Accordingly, we affirm the trial court's decision.[6]
ORDER
AND NOW, this 7th day of March, 2005, the decision of the Court of Common Pleas of Allegheny County in the above-captioned matter is AFFIRMED.
NOTES
[1] In Dean, the passenger was in a vehicle that fishtailed on a snow-covered roadway, traveled off the road over a steep embankment, overturned and caused the passenger serious injuries. The Court decided the absence of the guard rail did not render the roadway unsafe for its intended purpose travel on the road. The Court decided the legislature did not intend to impose liability on the government whenever a victim alleged his or her injuries were avoidable if the government installed a guardrail along the side of the roadway. The real estate, highways and sidewalks exception to sovereign immunity was inapplicable. 42 Pa.C.S. § 8522(b)(4).
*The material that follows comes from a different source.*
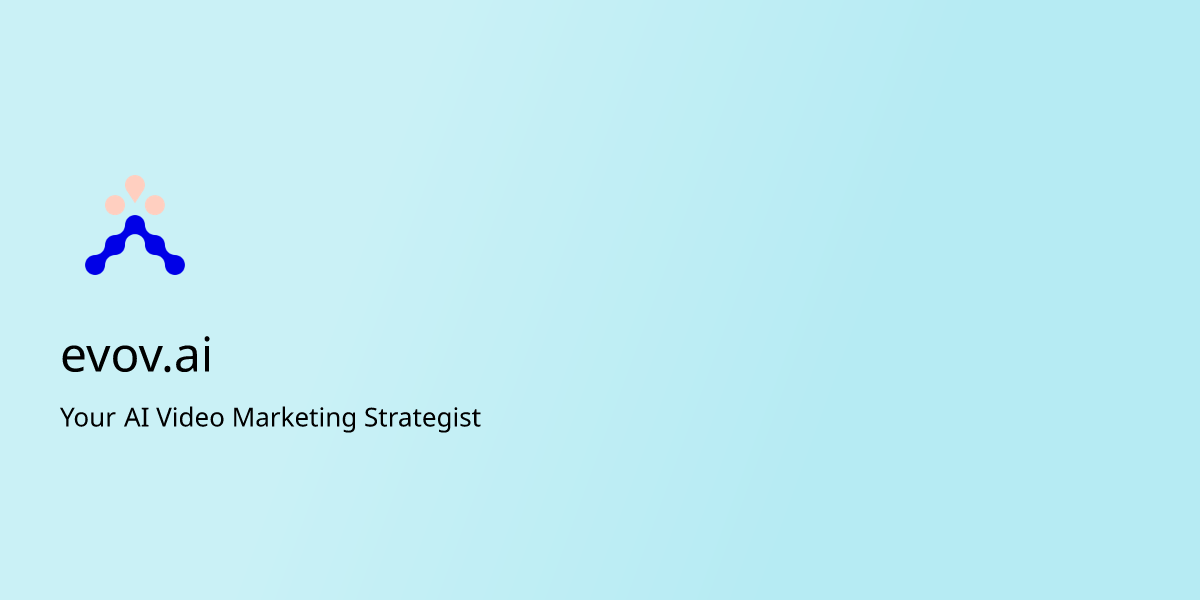 EVOV AI | Your AI Video Marketing Strategist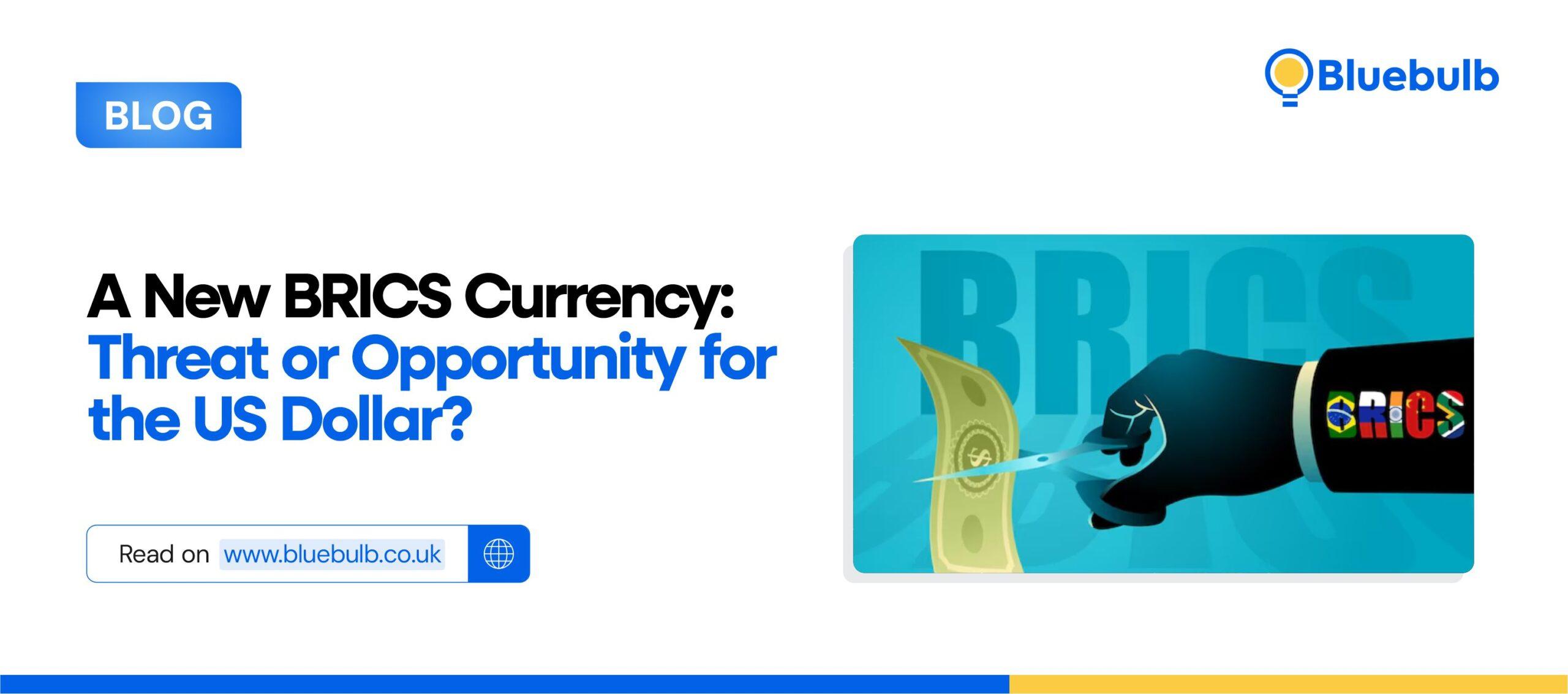 A New BRICS Currency: Threat or Opportunity for the US Dollar?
[2] In Lockwood, an intoxicated motorist failed to properly negotiate a sharp curve; his vehicle went down an embankment and stuck a tree. The motorist died. The Court held the City's failure to install a guardrail along the curve in the road was not an exception to governmental immunity under the streets exception found in the section of the Judicial Code known as the Political Subdivision Tort Claims Act (Act), 42 Pa.C.S. § 8542(b)(6).
[3] This Court's scope of review of the proper interpretation of a statute, a question of law, is plenary. Walker v. Eleby, 577 Pa. 104, 842 A.2d 389 (2004).
[4] 42 Pa.C.S. § 8542 is titled Exceptions to governmental immunity. Subsection (b) Acts which may impose liability lists actions by a local agency or any of its employees that may impose liability.
Subsection (6) Streets states in relevant part at (i):
[T]he claimant to recover must establish that the dangerous condition created a reasonably foreseeable risk of the kind of injury which was incurred and that the local agency had actual notice or could reasonably be charged with notice under the circumstances of the dangerous condition at a sufficient time prior to the event to have taken measures to protect against the dangerous condition.
Subsection (7), Sidewalks, states in pertinent part:
A dangerous condition of sidewalks within the rights-of-way of streets owned by the local agency, except that the claimant to recover must establish that the dangerous condition created a reasonably foreseeable risk of the kind of injury which was incurred and that the local agency had actual notice or could reasonably be charged with notice under the circumstances of the dangerous condition at a sufficient time prior to the event to have taken measures to protect against the dangerous condition.
42 Pa.C.S. §§ 8542(b)(6)(i) and (7).
[5] A similar argument was rejected by our Supreme Court in Gardner v. Consol. Rail Corp., 524 Pa. 445, 573 A.2d 1016 (1990). In that case the plaintiff contended that even if a city had no duty to erect a protective fence near railroad tracks, once it did so it had a duty to maintain the fence. The Court held that a government action cannot create a duty where one did not otherwise exist. Id. at 453-54, 573 A.2d at 1020.
Following similar reasoning, in the absence of a duty on the County to erect or maintain a guardrail along the Drive, its previous placement of a guardrail there does not by itself create liability.
[6] Because of this ruling, it is unnecessary for us to address the Representatives' other arguments that: a) Gills' aortic aneurysm rupture was a superseding cause such as would relieve the County of liability, and, b) Corrigan Drive would qualify as "unimproved" land entitled to immunity under the so-called Recreational Use of Land and Water Act, Act of February 2, 1966, P.L. (1965) 1860, as amended, 68 P.S. §§ 477-1-477-8.